[DATASET RECORDS]
━━━

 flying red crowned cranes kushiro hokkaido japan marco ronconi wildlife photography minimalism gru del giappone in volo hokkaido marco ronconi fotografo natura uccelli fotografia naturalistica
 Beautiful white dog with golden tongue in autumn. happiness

━━━

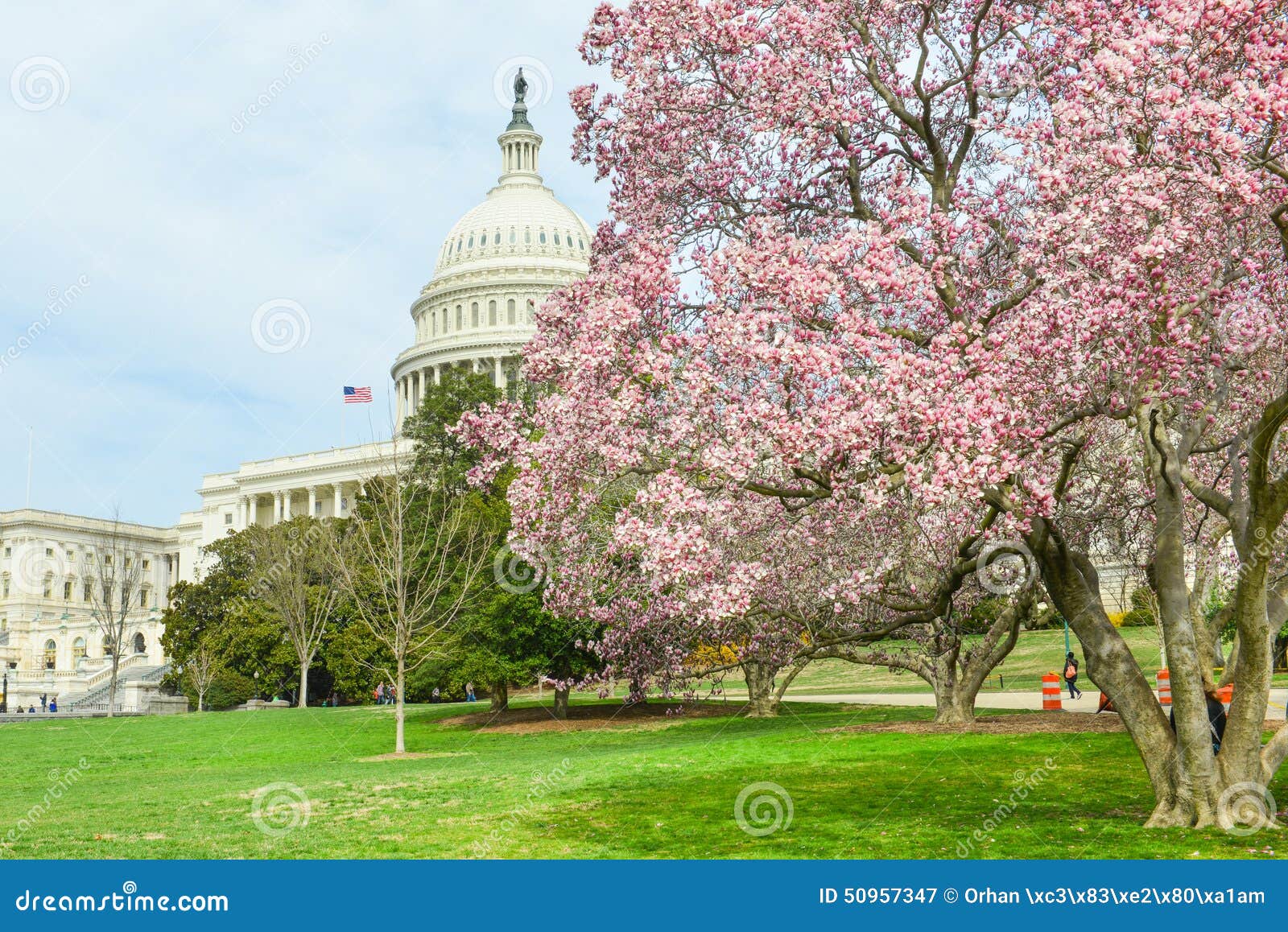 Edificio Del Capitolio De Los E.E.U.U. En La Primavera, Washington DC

━━━

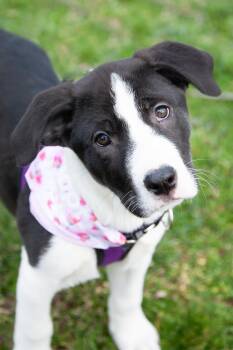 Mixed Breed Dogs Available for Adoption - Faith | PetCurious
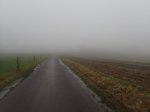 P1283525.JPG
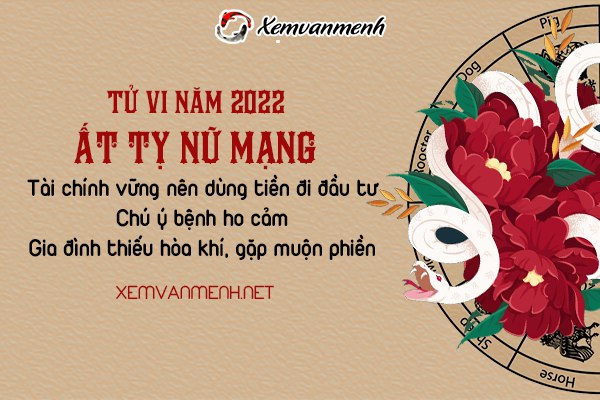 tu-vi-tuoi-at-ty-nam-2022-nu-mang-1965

━━━

[AIM OF THE TASK] Above are the records; copy exactly the lines from the line with "flying red crowned" through the line with "Beautiful white dog", both included.

[RESPONSE AREA]
 flying red crowned cranes kushiro hokkaido japan marco ronconi wildlife photography minimalism gru del giappone in volo hokkaido marco ronconi fotografo natura uccelli fotografia naturalistica
 Beautiful white dog with golden tongue in autumn. happiness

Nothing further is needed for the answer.